8 Daran vermag der Umstand, dass der Zusammenführende in weiterer Folge einen Zweckänderungsantrag auf Erteilung eines Aufenthaltstitels „Rot‑Weiß‑Rot ‑ Karte“ gemäß § 41 Abs. 2 Z 2 NAG stellte (vgl. zur Zulässigkeit der Verbindung eines Verlängerungsantrags mit einem Zweckänderungsantrag § 24 Abs. 4 NAG), nichts zu ändern. Bei einem mit einem Zweckänderungsantrag verbundenen Verlängerungsantrag handelt es sich um einen einheitlichen Antrag (vgl. VwGH 27.2.2020, Ra 2019/22/0203, Rn. 19, mwN). Da über diesen (einheitlichen) Antrag des Zusammenführenden zum Zeitpunkt der Erlassung des angefochtenen Erkenntnisses (wie dargelegt) noch keine Entscheidung vorlag, verfügte der Zusammenführende ungeachtet des Zweckänderungsantrages nach wie vor über die durch die zuletzt erteilte Aufenthaltsbewilligung „Studierender“ eingeräumte Rechtsposition. Dass der Zusammenführende für die Zukunft primär einen anderen Aufenthaltstitel anstrebt, ist ‑ anders als das Verwaltungsgericht offenbar vor Augen hat ‑ im vorliegenden Zusammenhang somit nicht entscheidungserheblich.

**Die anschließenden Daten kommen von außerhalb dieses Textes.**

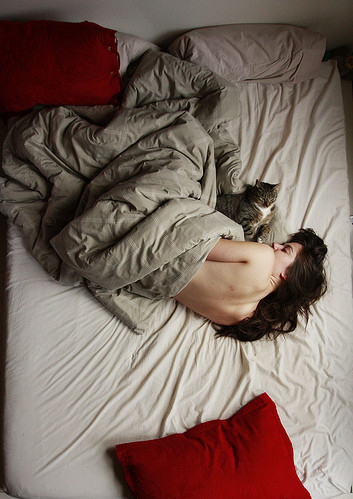 animal, bed and bed woman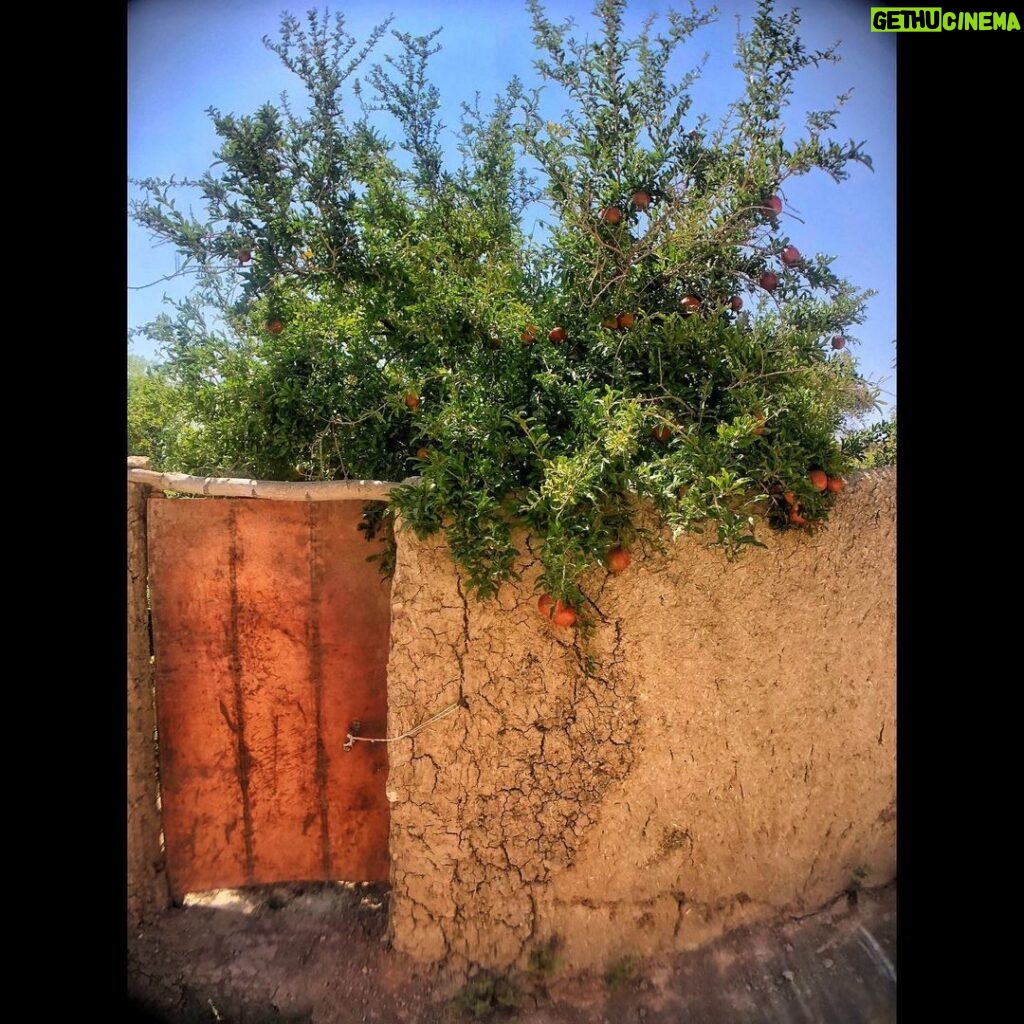 Amirhossein Arman Instagram - جایی دیگر .. #theotherplace #salina #calture #desert #camel #road #palm #date #sun #moon #trip #iran Khur Salt Lake دریاچه نمک خور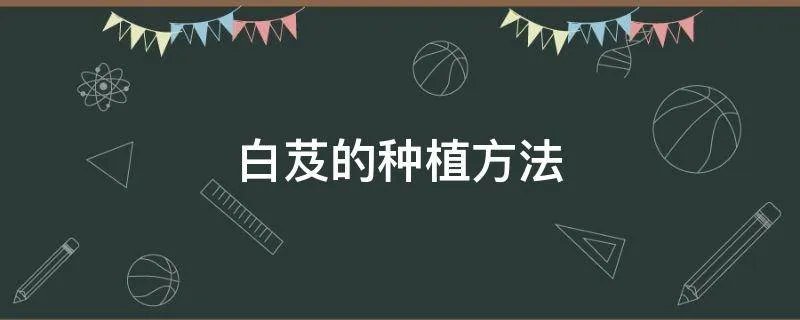 白芨的种植方法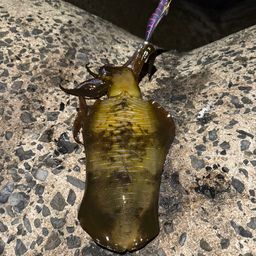 アオリイカ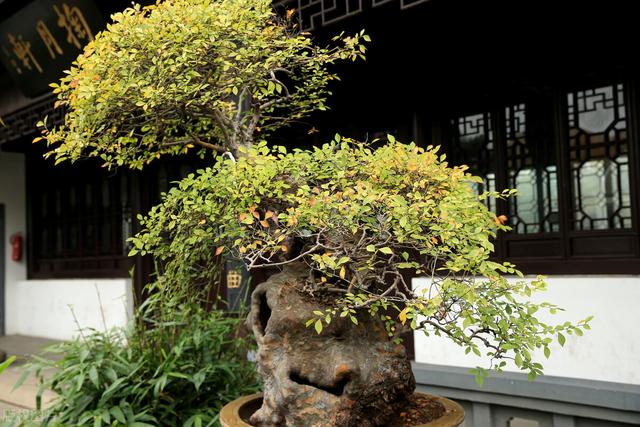 采掘回来的生桩，按照这5点来处理，成活率提升很高，快试试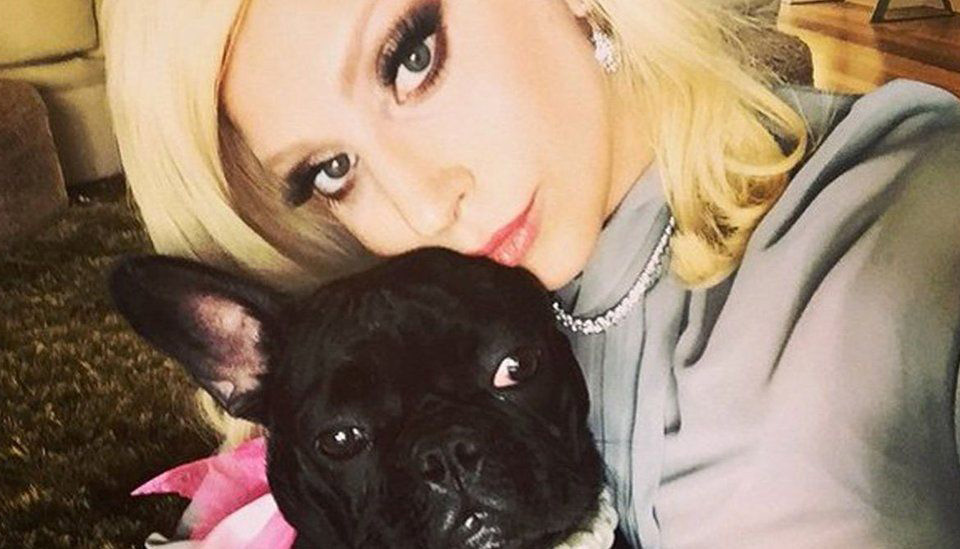 Lady Gaga's dog walker shot as two of her pets stolen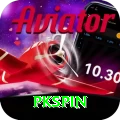 pkspin Max v1.3.9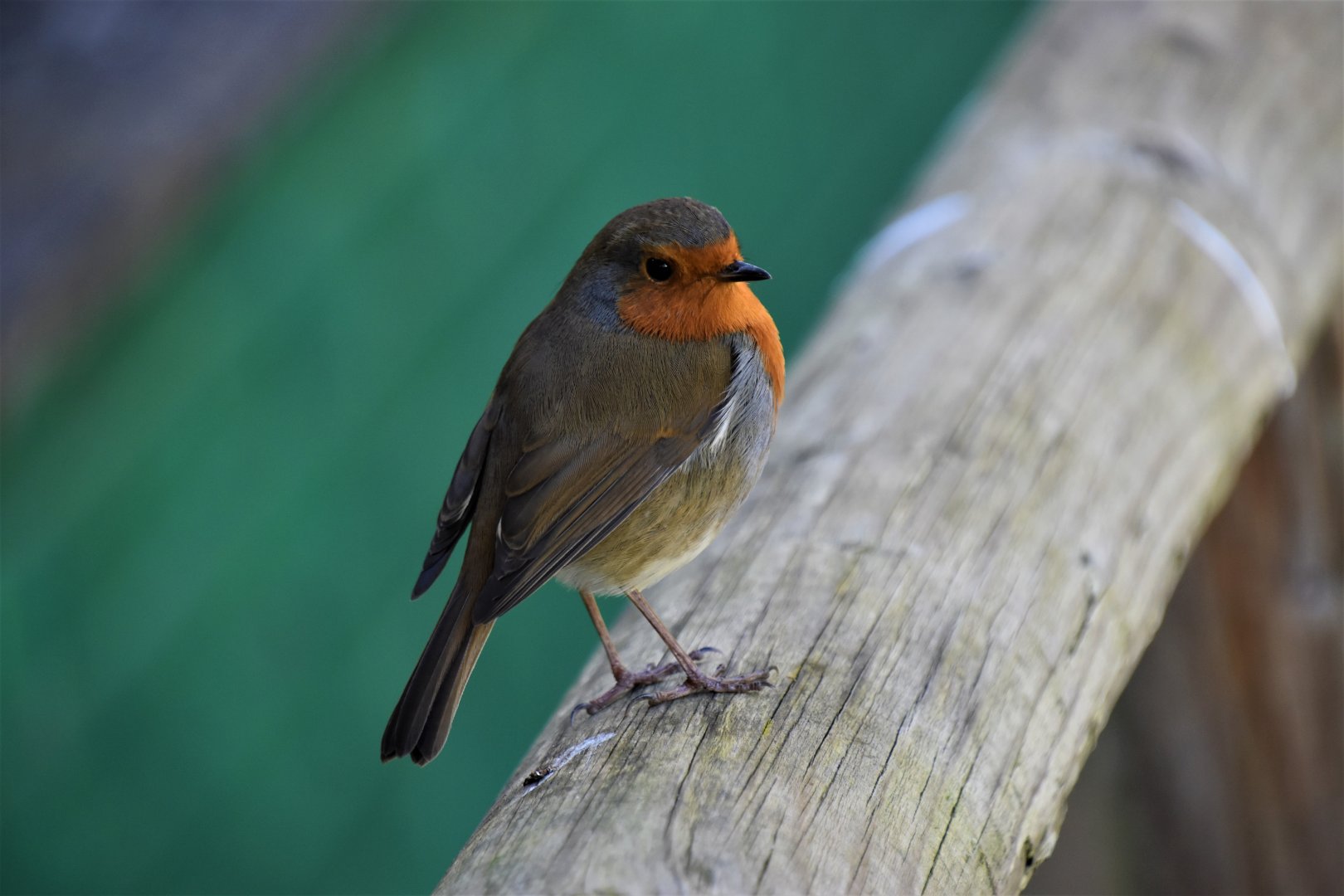 Wild European robin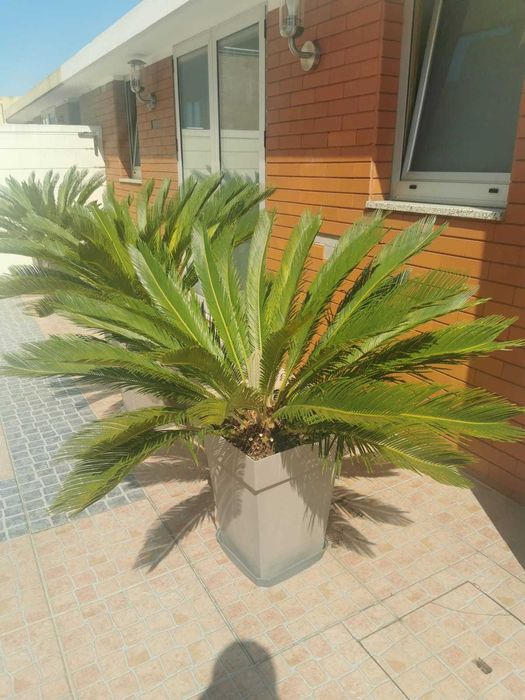 Planta Sica grande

9 Das angefochtene Erkenntnis war daher gemäß § 42 Abs. 2 Z 1 VwGG wegen Rechtswidrigkeit seines Inhalts aufzuheben.
10 Von der Durchführung der beantragten mündlichen Verhandlung konnte gemäß § 39 Abs. 2 Z 5 VwGG abgesehen werden.
11 Die Entscheidung über den Aufwandersatz beruht auf den §§ 47 ff VwGG in Verbindung mit der VwGH‑Aufwandersatzverordnung 2014.